The effect was approximately twice as pronounced in Southern states compared to non-Southern states, according to the report.

Impact on Infant Deaths

Infant mortality in the US has been on a general decline, but the new analysis found that in the 14 states with abortion bans, infant deaths were 5.6% higher than expected, accounting for 478 additional deaths. Texas, with its earlier restrictions, experienced 384 of these additional deaths.

Additional findings reported across the 14 states with bans included:

  • Black infants died at a rate 11.0% higher than would be expected, equivalent to 265 additional infant deaths, or a 1.15 increase in the death rate per 1,000 live births—10.66 expected per 1,000 versus 11.81 observed.
  • The infant mortality rate due to congenital anomalies increased 10.9%, from 1.24 infant deaths expected per 1,000 versus 1.37 per 1,000 observed.
  • The infant mortality rate not due to congenital anomalies increased 4.2% from 4.69 infant deaths expected per 1,000 to 4.89 observed.

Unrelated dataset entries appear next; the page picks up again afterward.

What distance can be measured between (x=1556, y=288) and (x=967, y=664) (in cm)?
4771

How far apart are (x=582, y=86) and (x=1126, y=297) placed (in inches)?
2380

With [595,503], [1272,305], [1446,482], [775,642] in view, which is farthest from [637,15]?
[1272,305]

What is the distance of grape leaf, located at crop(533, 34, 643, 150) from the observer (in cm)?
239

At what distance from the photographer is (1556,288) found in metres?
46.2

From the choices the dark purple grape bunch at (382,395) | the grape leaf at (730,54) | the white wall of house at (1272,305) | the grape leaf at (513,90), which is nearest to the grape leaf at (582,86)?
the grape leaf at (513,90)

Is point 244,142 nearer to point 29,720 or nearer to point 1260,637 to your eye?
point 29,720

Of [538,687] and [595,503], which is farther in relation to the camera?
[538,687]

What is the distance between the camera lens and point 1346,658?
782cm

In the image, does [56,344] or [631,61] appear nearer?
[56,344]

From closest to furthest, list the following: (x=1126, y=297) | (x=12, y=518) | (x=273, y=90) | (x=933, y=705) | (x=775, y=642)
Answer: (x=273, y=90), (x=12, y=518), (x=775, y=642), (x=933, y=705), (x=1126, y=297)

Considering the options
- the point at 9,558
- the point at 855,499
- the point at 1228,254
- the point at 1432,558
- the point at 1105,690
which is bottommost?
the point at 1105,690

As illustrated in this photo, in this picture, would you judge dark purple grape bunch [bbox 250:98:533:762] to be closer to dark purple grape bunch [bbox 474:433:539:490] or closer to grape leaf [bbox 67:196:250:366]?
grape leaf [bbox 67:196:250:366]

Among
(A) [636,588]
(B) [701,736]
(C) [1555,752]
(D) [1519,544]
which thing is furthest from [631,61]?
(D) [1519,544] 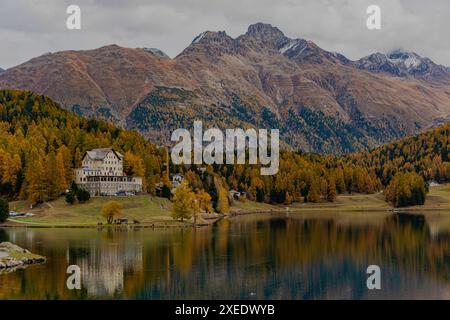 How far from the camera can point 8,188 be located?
7249 inches

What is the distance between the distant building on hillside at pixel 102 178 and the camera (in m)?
188

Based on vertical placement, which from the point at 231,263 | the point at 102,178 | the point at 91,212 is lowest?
the point at 231,263

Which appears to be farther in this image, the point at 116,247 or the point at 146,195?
the point at 146,195

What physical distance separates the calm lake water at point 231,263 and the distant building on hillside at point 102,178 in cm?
4237

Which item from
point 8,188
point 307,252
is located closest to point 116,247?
point 307,252

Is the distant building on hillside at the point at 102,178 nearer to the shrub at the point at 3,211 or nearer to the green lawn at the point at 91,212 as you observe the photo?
the green lawn at the point at 91,212

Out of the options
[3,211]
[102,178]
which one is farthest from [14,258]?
[102,178]

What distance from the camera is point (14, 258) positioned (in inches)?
3556

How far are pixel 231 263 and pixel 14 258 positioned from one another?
105ft

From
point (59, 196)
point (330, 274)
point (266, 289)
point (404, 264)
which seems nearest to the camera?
point (266, 289)

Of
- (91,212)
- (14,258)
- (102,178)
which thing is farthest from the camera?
(102,178)

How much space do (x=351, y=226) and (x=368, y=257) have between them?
198 ft

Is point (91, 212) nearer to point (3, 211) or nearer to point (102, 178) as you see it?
point (3, 211) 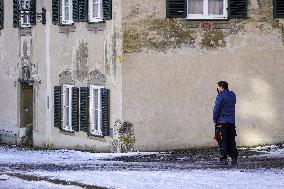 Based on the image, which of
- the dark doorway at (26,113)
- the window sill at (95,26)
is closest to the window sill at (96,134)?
the window sill at (95,26)

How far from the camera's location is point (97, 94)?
851 inches

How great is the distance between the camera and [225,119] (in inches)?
620

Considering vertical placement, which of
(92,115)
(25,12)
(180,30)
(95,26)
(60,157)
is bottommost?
(60,157)

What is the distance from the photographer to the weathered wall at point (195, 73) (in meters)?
20.1

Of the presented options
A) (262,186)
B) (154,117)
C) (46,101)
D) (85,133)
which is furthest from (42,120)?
(262,186)

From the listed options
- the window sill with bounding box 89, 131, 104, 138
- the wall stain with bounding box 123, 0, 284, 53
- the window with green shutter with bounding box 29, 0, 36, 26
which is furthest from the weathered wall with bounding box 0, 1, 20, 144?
the wall stain with bounding box 123, 0, 284, 53

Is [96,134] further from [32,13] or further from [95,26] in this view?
[32,13]

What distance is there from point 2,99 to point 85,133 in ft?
22.4

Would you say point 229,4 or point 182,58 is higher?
point 229,4

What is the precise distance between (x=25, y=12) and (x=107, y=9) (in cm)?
537

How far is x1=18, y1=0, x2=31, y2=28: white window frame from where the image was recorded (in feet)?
82.1

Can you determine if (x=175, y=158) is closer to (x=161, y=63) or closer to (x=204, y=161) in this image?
(x=204, y=161)

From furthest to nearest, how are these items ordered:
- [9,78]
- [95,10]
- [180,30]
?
[9,78] < [95,10] < [180,30]

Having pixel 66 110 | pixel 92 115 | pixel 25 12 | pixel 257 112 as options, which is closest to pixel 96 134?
pixel 92 115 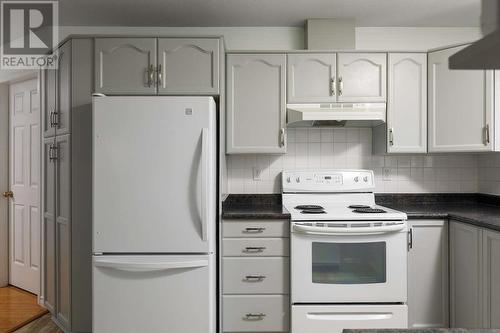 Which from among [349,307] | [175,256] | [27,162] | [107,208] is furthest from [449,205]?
[27,162]

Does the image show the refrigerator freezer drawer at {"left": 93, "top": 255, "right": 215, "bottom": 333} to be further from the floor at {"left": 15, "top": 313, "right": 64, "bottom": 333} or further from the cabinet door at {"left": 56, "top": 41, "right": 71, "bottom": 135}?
the cabinet door at {"left": 56, "top": 41, "right": 71, "bottom": 135}

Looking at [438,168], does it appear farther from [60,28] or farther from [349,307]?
[60,28]

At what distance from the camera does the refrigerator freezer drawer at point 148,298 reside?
6.91ft

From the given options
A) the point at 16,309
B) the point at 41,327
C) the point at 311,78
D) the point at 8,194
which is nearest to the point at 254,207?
the point at 311,78

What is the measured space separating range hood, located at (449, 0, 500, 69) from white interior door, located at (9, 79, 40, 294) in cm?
348

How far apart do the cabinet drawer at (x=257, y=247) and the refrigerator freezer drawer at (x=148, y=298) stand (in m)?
0.29

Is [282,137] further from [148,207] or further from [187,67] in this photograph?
[148,207]

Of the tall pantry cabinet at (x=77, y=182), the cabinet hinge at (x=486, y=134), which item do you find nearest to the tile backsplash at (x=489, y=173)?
the cabinet hinge at (x=486, y=134)

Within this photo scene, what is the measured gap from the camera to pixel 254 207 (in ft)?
8.96

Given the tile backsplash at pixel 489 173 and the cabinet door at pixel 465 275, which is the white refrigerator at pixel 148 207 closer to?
the cabinet door at pixel 465 275

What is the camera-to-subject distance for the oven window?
2.31m

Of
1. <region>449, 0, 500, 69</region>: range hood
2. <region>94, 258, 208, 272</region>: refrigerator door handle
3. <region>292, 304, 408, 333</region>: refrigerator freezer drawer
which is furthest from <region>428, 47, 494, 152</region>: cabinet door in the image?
<region>449, 0, 500, 69</region>: range hood

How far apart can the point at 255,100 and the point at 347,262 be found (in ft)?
4.42

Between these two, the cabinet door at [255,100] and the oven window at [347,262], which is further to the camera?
the cabinet door at [255,100] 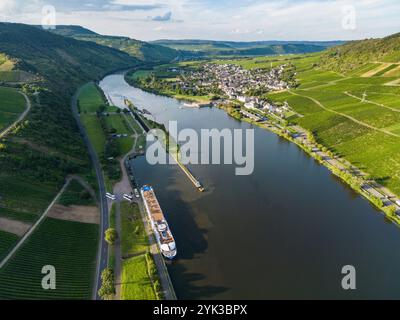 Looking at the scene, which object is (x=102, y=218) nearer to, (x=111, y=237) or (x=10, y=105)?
(x=111, y=237)

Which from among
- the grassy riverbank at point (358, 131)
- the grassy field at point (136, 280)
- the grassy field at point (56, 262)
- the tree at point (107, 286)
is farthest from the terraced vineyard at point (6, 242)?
the grassy riverbank at point (358, 131)

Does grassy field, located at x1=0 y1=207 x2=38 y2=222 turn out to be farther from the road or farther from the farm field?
the farm field

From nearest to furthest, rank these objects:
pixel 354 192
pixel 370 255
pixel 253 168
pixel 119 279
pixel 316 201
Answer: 1. pixel 119 279
2. pixel 370 255
3. pixel 316 201
4. pixel 354 192
5. pixel 253 168

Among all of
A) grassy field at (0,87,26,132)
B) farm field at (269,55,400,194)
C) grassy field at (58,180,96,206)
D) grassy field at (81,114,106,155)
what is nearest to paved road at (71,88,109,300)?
grassy field at (81,114,106,155)

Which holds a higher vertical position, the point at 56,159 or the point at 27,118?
the point at 27,118

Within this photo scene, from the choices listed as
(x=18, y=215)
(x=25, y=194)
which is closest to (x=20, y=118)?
(x=25, y=194)

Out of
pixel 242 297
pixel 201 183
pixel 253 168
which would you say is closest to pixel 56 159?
pixel 201 183

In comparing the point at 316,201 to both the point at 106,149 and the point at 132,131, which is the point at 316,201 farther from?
the point at 132,131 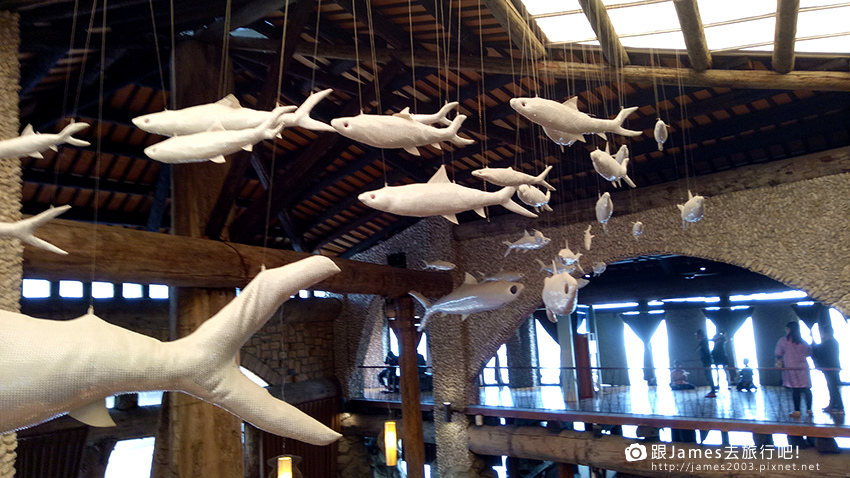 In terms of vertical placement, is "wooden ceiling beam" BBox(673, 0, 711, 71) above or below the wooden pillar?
above

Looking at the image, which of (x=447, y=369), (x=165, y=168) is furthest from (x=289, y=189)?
(x=447, y=369)

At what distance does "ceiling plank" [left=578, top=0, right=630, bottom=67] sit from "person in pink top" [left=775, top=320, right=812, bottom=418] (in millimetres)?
4821

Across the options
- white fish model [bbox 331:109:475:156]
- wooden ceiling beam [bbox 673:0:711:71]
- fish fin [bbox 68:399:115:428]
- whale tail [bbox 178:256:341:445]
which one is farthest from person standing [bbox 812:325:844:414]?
fish fin [bbox 68:399:115:428]

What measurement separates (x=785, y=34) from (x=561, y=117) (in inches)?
98.2

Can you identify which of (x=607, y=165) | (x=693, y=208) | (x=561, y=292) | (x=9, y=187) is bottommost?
(x=561, y=292)

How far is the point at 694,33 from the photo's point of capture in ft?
14.0

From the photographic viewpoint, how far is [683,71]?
498 centimetres

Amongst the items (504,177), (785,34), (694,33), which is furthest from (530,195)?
(785,34)

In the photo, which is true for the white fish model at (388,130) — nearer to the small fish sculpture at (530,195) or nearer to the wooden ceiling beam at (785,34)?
the small fish sculpture at (530,195)

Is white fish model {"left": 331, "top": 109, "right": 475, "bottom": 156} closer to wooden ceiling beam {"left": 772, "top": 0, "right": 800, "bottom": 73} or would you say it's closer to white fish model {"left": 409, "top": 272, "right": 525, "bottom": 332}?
white fish model {"left": 409, "top": 272, "right": 525, "bottom": 332}

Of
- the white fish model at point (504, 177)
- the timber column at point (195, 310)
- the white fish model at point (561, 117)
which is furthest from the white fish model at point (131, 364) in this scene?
the timber column at point (195, 310)

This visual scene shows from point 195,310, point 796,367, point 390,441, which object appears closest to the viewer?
point 195,310

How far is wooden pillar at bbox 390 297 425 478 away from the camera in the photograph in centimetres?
833

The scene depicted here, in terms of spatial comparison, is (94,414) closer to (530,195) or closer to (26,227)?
(26,227)
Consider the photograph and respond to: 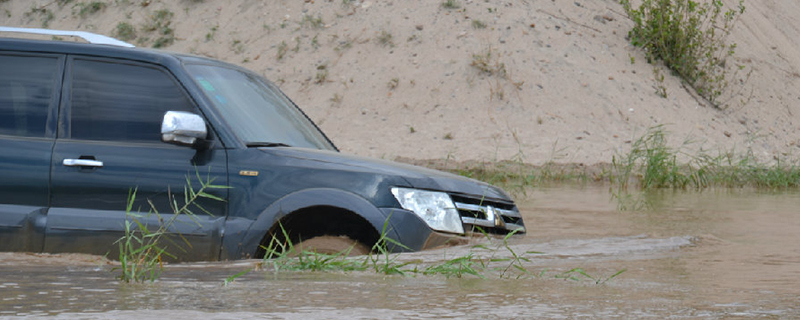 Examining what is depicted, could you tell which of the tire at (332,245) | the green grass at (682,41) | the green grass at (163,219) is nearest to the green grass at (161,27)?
the green grass at (682,41)

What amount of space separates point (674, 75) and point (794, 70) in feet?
14.1

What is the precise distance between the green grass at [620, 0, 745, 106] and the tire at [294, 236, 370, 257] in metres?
15.8

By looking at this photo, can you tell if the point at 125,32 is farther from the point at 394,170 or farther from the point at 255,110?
the point at 394,170

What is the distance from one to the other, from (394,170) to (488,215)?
57cm

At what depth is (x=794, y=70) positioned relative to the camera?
2348 centimetres

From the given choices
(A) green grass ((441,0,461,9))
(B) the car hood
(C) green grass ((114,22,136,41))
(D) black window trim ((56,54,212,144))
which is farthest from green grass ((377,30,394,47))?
(D) black window trim ((56,54,212,144))

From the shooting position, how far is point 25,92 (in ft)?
17.3

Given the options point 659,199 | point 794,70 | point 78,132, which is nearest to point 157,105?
point 78,132

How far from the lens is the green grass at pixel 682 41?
66.2 ft

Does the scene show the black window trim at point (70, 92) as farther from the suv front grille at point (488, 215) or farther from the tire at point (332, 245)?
the suv front grille at point (488, 215)

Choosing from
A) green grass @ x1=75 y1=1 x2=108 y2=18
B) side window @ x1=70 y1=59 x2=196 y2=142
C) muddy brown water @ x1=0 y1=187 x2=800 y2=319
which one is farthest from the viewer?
green grass @ x1=75 y1=1 x2=108 y2=18

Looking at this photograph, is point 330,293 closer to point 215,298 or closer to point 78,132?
point 215,298

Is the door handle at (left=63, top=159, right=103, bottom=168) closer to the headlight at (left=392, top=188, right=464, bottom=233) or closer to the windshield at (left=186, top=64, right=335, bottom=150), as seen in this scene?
the windshield at (left=186, top=64, right=335, bottom=150)

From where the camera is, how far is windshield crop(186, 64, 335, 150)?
5.25m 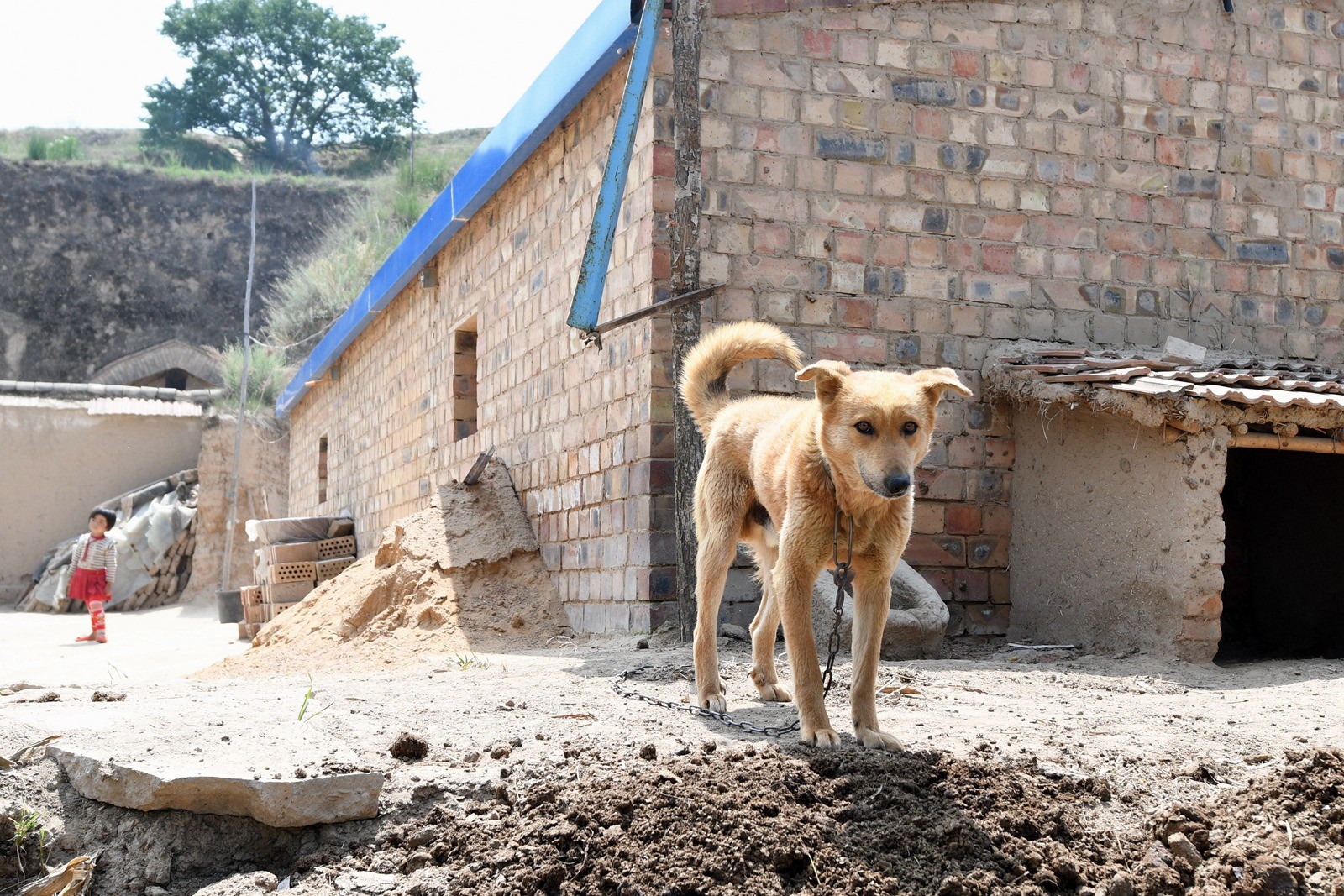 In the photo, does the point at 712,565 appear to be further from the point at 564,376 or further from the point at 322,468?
the point at 322,468

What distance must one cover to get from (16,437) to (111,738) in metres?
18.3

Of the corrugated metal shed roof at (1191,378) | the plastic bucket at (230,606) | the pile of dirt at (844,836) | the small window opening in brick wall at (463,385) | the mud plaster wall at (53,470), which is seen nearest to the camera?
the pile of dirt at (844,836)

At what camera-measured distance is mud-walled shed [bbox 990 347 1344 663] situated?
655 cm

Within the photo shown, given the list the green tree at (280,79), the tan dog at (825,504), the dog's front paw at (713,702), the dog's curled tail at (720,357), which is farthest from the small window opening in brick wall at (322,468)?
the green tree at (280,79)

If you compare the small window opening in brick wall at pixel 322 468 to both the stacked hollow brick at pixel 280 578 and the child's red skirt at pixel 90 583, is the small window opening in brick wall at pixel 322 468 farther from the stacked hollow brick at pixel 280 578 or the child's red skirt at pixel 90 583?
the child's red skirt at pixel 90 583

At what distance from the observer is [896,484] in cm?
369

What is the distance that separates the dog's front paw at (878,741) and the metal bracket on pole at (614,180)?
145 inches

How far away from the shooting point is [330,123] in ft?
156

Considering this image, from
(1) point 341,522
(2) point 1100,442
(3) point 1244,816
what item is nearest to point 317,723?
(3) point 1244,816

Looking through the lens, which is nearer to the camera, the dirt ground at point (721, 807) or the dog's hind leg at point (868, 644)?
the dirt ground at point (721, 807)

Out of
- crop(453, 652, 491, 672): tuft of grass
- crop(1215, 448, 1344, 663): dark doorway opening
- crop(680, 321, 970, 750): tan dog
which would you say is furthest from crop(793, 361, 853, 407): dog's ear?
crop(1215, 448, 1344, 663): dark doorway opening

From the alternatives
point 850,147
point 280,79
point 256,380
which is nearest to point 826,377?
point 850,147

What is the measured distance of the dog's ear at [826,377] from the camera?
158 inches

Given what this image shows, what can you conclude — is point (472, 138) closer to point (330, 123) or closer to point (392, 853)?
point (330, 123) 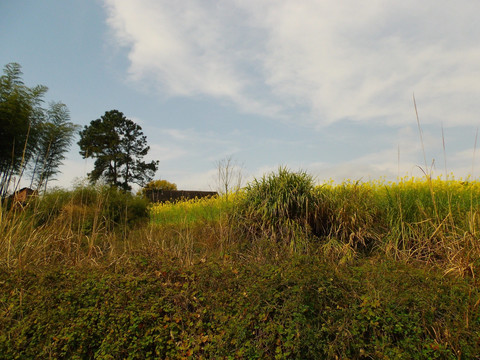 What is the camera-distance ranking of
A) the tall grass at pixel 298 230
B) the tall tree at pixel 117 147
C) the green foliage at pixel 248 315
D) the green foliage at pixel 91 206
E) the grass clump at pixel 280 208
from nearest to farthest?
the green foliage at pixel 248 315 → the tall grass at pixel 298 230 → the grass clump at pixel 280 208 → the green foliage at pixel 91 206 → the tall tree at pixel 117 147

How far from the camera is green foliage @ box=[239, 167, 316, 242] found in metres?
5.26

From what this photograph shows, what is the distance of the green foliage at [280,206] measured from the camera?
5.26 meters

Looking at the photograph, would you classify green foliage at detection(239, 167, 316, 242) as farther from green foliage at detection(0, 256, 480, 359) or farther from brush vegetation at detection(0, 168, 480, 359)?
green foliage at detection(0, 256, 480, 359)

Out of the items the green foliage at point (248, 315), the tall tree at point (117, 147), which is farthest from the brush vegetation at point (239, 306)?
the tall tree at point (117, 147)

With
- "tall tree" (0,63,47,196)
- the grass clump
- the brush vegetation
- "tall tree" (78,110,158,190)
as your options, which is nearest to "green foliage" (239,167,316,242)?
the grass clump

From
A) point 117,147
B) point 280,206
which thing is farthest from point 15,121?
point 117,147

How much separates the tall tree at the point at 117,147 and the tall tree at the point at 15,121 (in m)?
14.1

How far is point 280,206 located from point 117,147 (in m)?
20.7

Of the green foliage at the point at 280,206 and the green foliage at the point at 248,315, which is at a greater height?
the green foliage at the point at 280,206

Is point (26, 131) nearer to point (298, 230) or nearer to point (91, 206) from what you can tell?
point (91, 206)

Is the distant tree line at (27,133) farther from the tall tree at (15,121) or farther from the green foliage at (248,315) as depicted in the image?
the green foliage at (248,315)

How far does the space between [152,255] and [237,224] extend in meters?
1.68

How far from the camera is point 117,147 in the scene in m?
24.0

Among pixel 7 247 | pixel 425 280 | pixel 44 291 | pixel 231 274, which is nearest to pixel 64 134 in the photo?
pixel 7 247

“These findings suggest that restrictive abortion policies may be reversing decades of progress in reducing infant deaths in the US,” Alison Gemmill, PhD, associate professor in the Bloomberg School’s Department of Population, Family and Reproductive Health and the infant-death study’s co-lead author, said in the statement. “The data also show a clear pattern of abortion bans disproportionately affecting regions and populations already struggling with poor health outcomes, including Black infants and infants born in the South.”

The authors acknowledge limitations across the 2 studies, including potential impacts from policy changes in states without bans and incomplete data in some cases. They urge policymakers to consider the downstream health consequences of abortion bans, particularly among disadvantaged populations.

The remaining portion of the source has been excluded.